Harvest Schroeder: The Human Factor
Harvest Schroeder admits that earning an engineering degree is challenging. “It is hard, but so is everything else that’s worthwhile,” Schroeder says. She likes to think about the human results of her work, and making the world better for the real people.
“It’s totally worth it,” the IIHR engineer says.
The Calamus, Iowa, native earned a B.S. in civil and environmental engineering at the University of Iowa, and she’s now pursuing an M.S. degree while working full-time on the Iowa Flood Center’s (IFC) Statewide Floodplain Mapping Project.
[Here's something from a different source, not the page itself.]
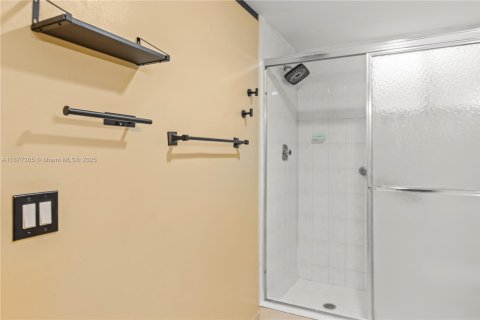 Condominio en venta en Miami, Florida, 2 dormitorios, 119.57 m2 № 1923285 - foto 20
After being home schooled through her freshman year of high school, Schroeder graduated from Calamus-Wheatland High School. Her father taught science at the tiny school system, and his enthusiasm for all things scientific trickled down to Schroeder and her four siblings. He took the family on long vacations in the summer, tent camping in national parks and exploring the natural world.
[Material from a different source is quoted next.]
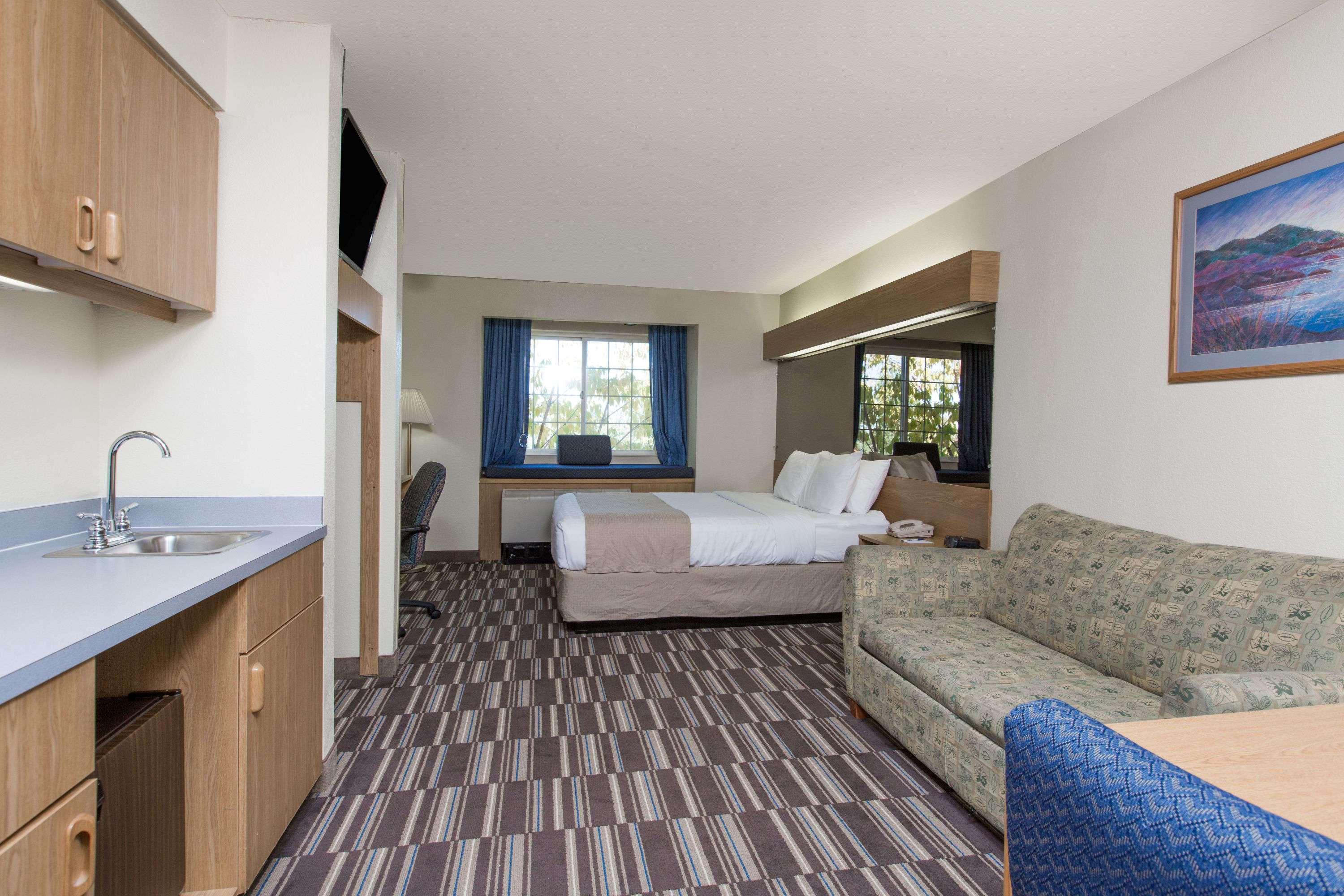Microtel Inn & Suites by Wyndham Anchorage Airport — photo 4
Schroeder loved science and math classes, but she wasn’t set on engineering as a high school student. Like many younger students, she wasn’t entirely sure what an engineer does. “I feel like it’s something of a hidden profession,” she says.
She learned more about engineering from her older brother, who went to Iowa State to study chemical engineering. Job shadowing a civil engineer opened her eyes to what engineers actually do. Being outdoors at least part of the time appealed to her, and she also appreciated the fact that engineers can actually see the results of their work. “You’re building something,” she explains.
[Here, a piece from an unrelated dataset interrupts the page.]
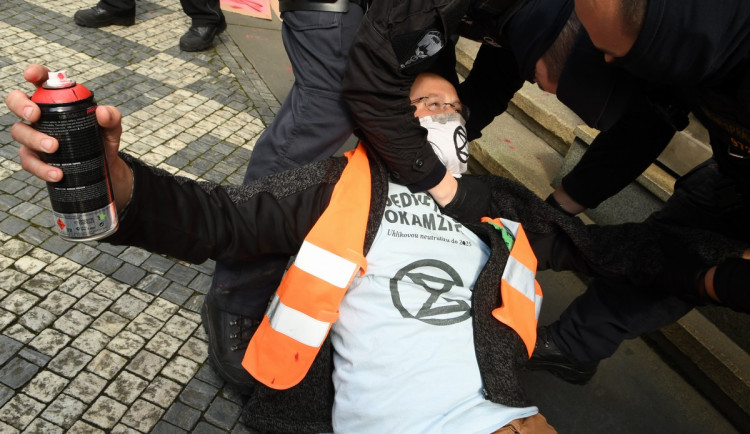 FOTOGALERIE: Aktivisté protestovali proti rozšiřování letiště. Posprejovali ministerstvo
Engineering a Bright Future
When Schroeder was just starting her engineering classes at Iowa, she remembers looking around and finding herself one of only a few women in the room. “It’s definitely intimidating,” she says, but that doesn’t bother her these days. Although Schroeder knows that old-school resistance to women in engineering exists, she has never experienced it firsthand.
“I think I’ve been kind of fortunate,” she says.
Schroeder interned with the City of Iowa City in 2008 — the year of the big flood. That experience made her acutely aware of the importance of water-related engineering and its impact on people and communities.
It was something she never forgot. So when Schroder heard about an opportunity for students to work on the IFC’s Statewide Floodplain Mapping Project, she immediately wanted to get involved. After she completed her undergraduate degree, Schroeder’s position at the IFC evolved into a full-time job, and she was later chosen to serve as one of the project leaders.
The five-year effort has a big goal: to create new floodplain maps for the 85 Iowa counties that were declared Presidential Disaster Areas after the 2008 floods. Schroeder shares the leadership duties with Engineer Derek Chang, and she says they’re fortunate to have great supervision from IFC Associate Director Nate Young, as well as an excellent team of dedicated engineers.
When the Statewide Floodplain Mapping Project is complete, most Iowans will have up-to-date, reliable floodplain maps to turn to, which will make a positive difference in the lives of many Iowans. “I do feel you’re getting a useful product that people will use,” Schroeder says. “That provides a lot of motivation for me.”
Schroeder hopes to continue working in the field of hydrology and hydraulic engineering after the project is done. “I love being in the water research world,” she says.
An Intense Competitor
When she’s not working, Schroeder likes to spend time with her family and help out at her church, where she teaches Sunday school to second and third graders. She also loves to get outside and be active. She took up downhill skiing a couple of years ago, after cross country skiing throughout her youth. She also likes sand volleyball and Ultimate Frisbee.
When it comes to sports, Schroeder says, her normally low-key personality disappears. “My competitive side comes out,” she says. “It gets intense sometimes!”